The rich but tragic history of the site and the appalling stories of abuse and intimidation and its connection to so many contemporary women is told by Bonney Djuric in a recently completed history of the Parramatta Girls Home, Abandon All Hope. Bonney is the driving force behind the Parra girls, an extraordinary group of women who are still putting their lives together after a childhood in one of the most notorious institutions, the infamous Parramatta Girls Home. They are extraordinary women, the Parra girls, raising the profile of women who have similar histories but also of the site itself, a site of 200 years of the incarceration of women and ironically built on the sacred women’s site of the Barramatugal clan of the Darug nation. Bonney’s history is based on extensive research and the first accounts of survivors contributes to a broader understanding of how a system of care for girls was shaped and defined by many factors that would challenge societal perceptions and have shamed and silenced the Parramatta girls for far too long. Bonney describes the experience of the Parramatta girls:

‘Parramatta Training and Industrial School for Girls like its earlier counterpart, the Female Factory, was known for its notoriety and the control it exerted over the lives of all females who did not conform to whatever moral standards society expected of them. Its history is that of routine brutality, generalized ill-treatment and the denial of basic human rights where the principle of legal duty of care was entirely unknown or unrecognised.’
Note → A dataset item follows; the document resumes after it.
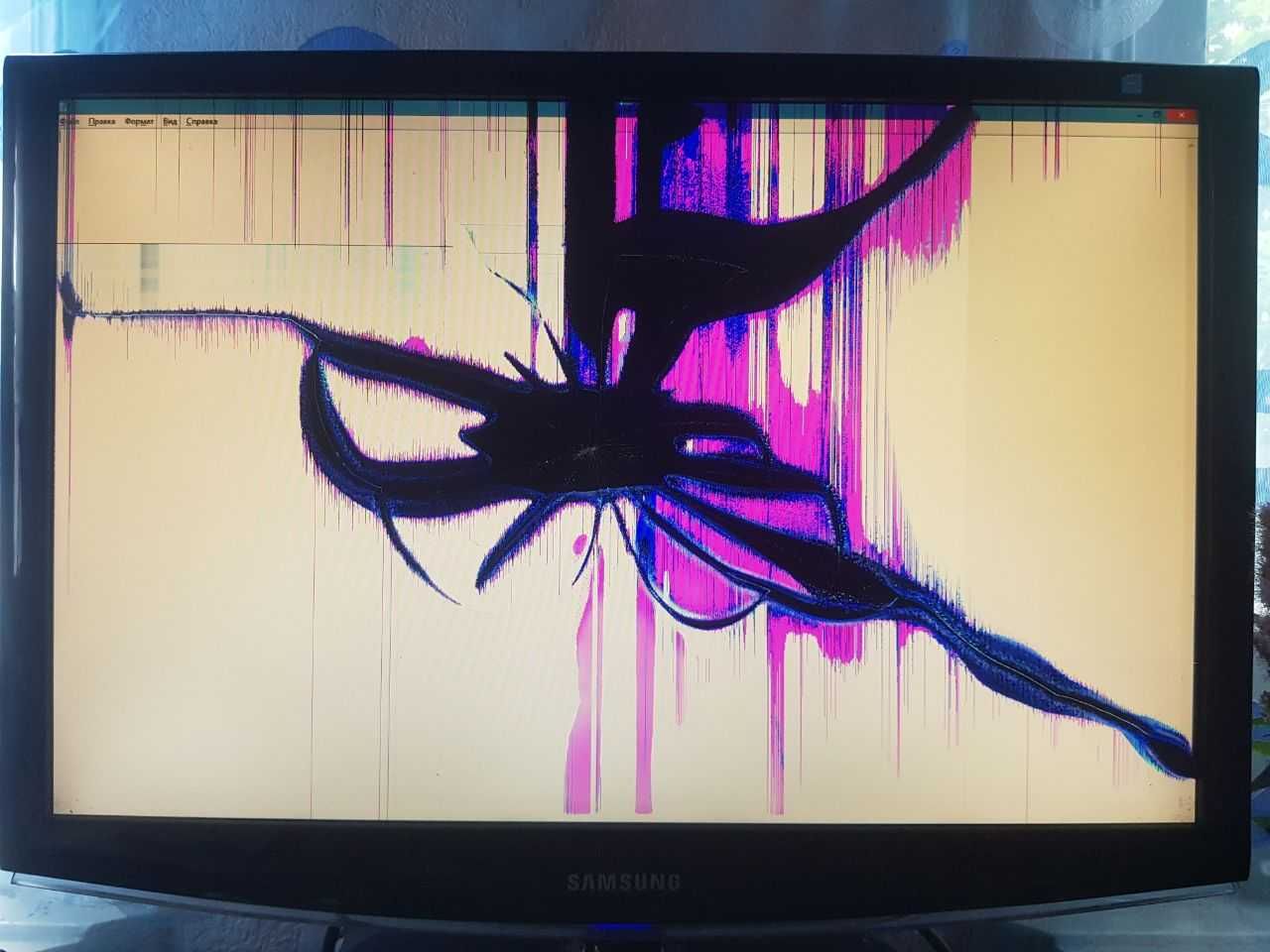 Монітор 24" Samsung SynsNaster 2433 (тріснута матриця, під ремонт)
‘Operating under the guise of a “School”, Parramatta’s regime was in stark contrast to that of philosophies of education. Its intent was uniformity, non-flexibility and the provision of the same “training” in the same way, at the same time and place, for groups of individuals of disparate age, capacity and physique to be moulded and compressed into mass produced performance units, exhibiting uniform requirements of compliance and subjugation of personality.’
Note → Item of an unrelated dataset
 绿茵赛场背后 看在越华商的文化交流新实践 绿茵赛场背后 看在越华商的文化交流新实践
‘… unlike mainstream schools which seek to maximise student achievement, “training” resulted in a suppression of achievement and a generation of near unemployability, and unsuitability for parenthood and family life.’

‘The sexual experience of some inmates was often enforced criminally by rape at the hands of employees paid to “care” for their wellbeing. This only served to reinforce girl’s sexual experience as one of violence, powerlessness and shame.’
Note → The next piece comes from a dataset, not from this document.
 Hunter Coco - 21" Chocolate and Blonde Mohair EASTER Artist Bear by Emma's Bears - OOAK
So speaks Bonney Djuric of the Parramatta Girls Home.

I am lending my support to those trying to elevate the experiences of the forgotten Australians in the minds and hearts of Australians and to recognise the history of women, in this case, that was played out on this site, firstly as the Female Factory and then through the Parramatta Industrial School for Girls and finally the Parramatta Girls Home and Kamballa. It is an ugly story but it is a history that we should not back away from. It is a history that needs to be told. As many as one in five Australians today are descended from women who were once incarcerated in the Parramatta Female Factory Precinct, and members should consider that for a moment: 20 per cent of all Australians, over four million people, have a direct family link to women who were incarcerated on that site over its two-century history. Many others have a link to its use as a traditional sacred women’s site by the Burramattagal clan of the Dharug nation.

Children experienced these horrors—serious and often criminal physical, sexual and emotional abuse, neglect and assault—in the places that were supposed to care for them. As adult survivors they deserve acknowledgement of and an apology for that harm. The forgotten Australians already have an apology from all states and will soon have an apology from the Prime Minister. The Prime Minister will acknowledge and apologise for the failure of federal governments of all persuasions to protect these children and young women. Nothing is fixed by being forgotten, but the many stories of survival and overcoming deserve to have a great light shone upon them. They deserve prime location at the front of every Australian’s mind and they deserve to be valued as great Australian stories of tenacity and endurance. As Helen Keller said:

Character cannot be developed in ease and quiet. Only through experience of trial and suffering can the soul be strengthened, ambition inspired and success achieved.